A Saint-Gall, à Aarau, à Schaffhouse, à Thoune, à Berthoud et enfin à Berne, ce jeune apôtre de l'Inde fut écouté avec le même empressement et le même profit. Lors de la dernière séance à Berne, où des questions simples et pratiques furent posées au sâdhou sur la meilleure manière de prier, la joie du ciel, le rôle du paganisme dans la préparation spirituelle d'un converti aux Indes, les réponses furent particulièrement édifiantes. Mais quand nous avons demandé au sâdhou comment il se trouvait, il nous a répondu : « je suis très fatigué », ce qui se comprend, car une tournée de ce genre, unique probablement dans les annales de l'évangélisation et du réveil en Suisse, ne se fait pas sans un effort intense, rendu plus fatigant encore par les habitudes de travail du sâdhou. Il n'écrit rien, mais s'impose une préparation intérieure toujours renouvelée par la prière et la méditation. Il a donné au public chaque jour un texte nouveau, soigneusement développé dans un discours nouveau. On y trouve des idées dominantes, des illustrations préférées, mais le discours lui-même, le sujet n'est ni appris, ni répété ; il sort de la vie intime du sâdhou ; il est puisé dans sa communion avec Dieu. De là sans doute son action sur les auditeurs, malgré l'absence d'éloquence humaine.

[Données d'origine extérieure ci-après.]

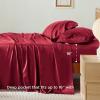 imageBedsure GentleSoft Queen Sheet Set Rayon Derived from Bamboo Cooling Sheets Breathable ampamp Soft Deep Pocket Up to 16 Inches Hotel Luxury Silky Bedding for Hot Sleepers Grey15  Burgundy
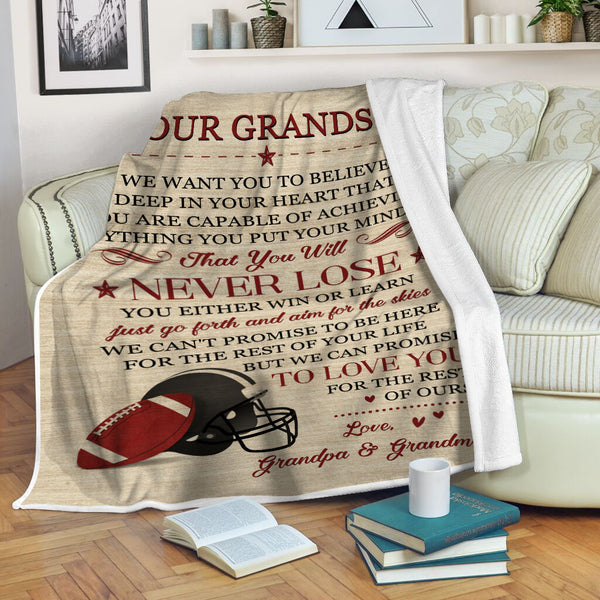 Grandson Football Blanket - To My Grandson You Will Never Lose Courage Fleece Throw from Grandma, Gift for American Football Boy| T912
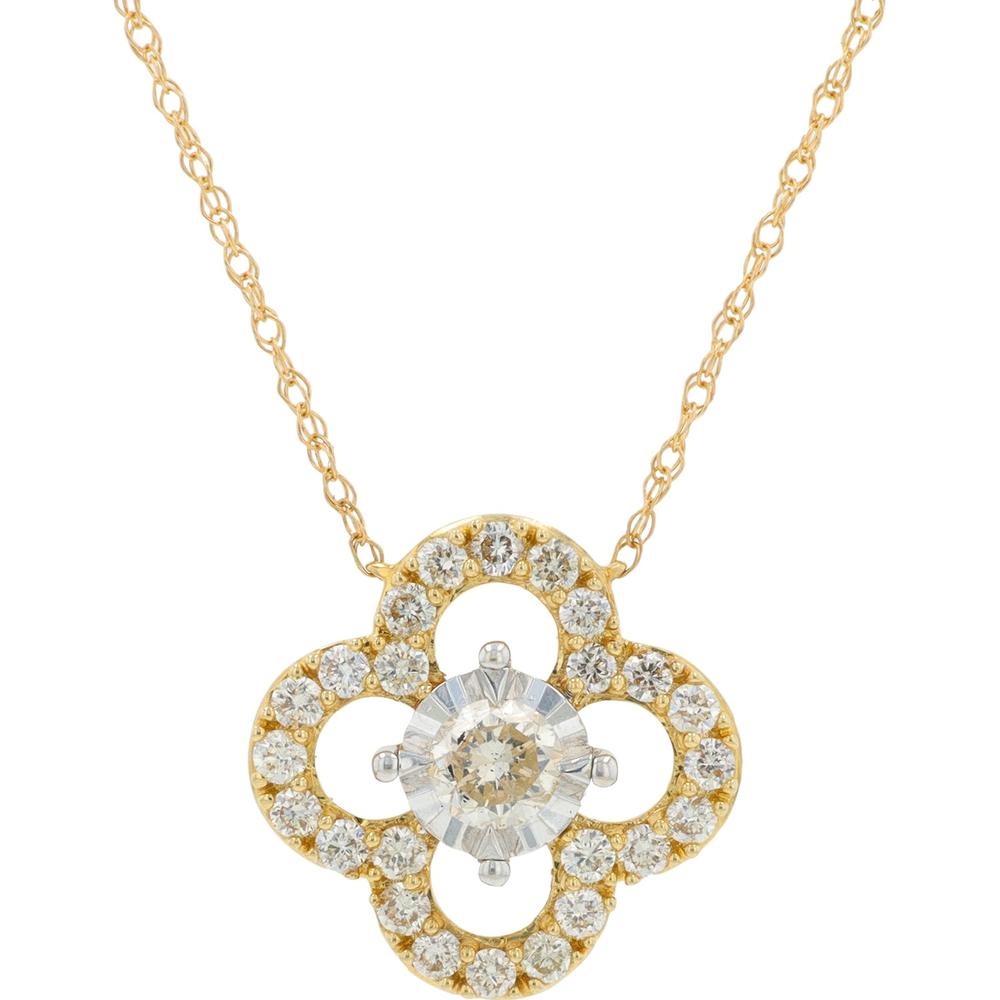 14K Yellow Gold 0.50 Carat Diamond Floral Pendant with Halo Setting - 0.50 Carat Total Diamond Weight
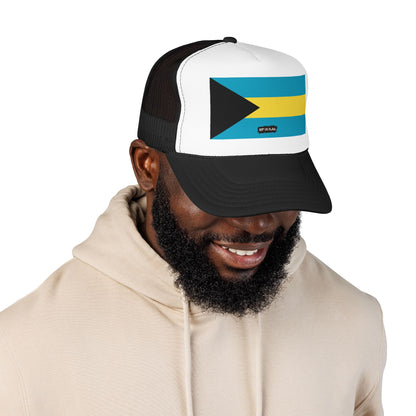 Bahamas Flag Foam Trucker Hat | Bahamian Pride Snapback Cap | Rep Ya Flag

Nous n'avons pas pu voir le sâdhou quitter Berne le lundi 27 avril, pour l'Allemagne et la Suède, sans un serrement de cœur. Nous lui exprimons ici encore la profonde reconnaissance de milliers d'auditeurs qui ont été raffermis dans leur foi, arrêtés sur le chemin de l'étourdissement, et devant la conscience desquels la question religieuse s'est posée dans son sérieux. Nous demandons à Dieu que cette campagne d'évangélisation n'ait pas été seulement un sujet d'étonnement, ou d'émotion, mais le point de départ d'un réveil durable et la révélation d'un état supérieur de vie chrétienne auquel nous devons parvenir.
Puissent les pages qui suivent, traduction littérale de quelques-uns des discours du sâdhou, continuer d'approfondir, par la grâce de Dieu, l'œuvre commencée dans les jours mémorables de mars 1922.
G. S.
P.-S.
La Mission suisse aux Indes, dont il est parlé dans cet avant-propos, était un Comité de Secours temporaire qui, de 1918 à 1927, prit soin, avec dévouement, de deux des champs de la Mission de Bâle aux Indes (Mahrattes et Canara du Sud).
Les éditeurs.
[1] Biographie publiée par M. le Pasteur Schaerer, d'Ittigen, sous les auspices de la Mission suisse aux Indes.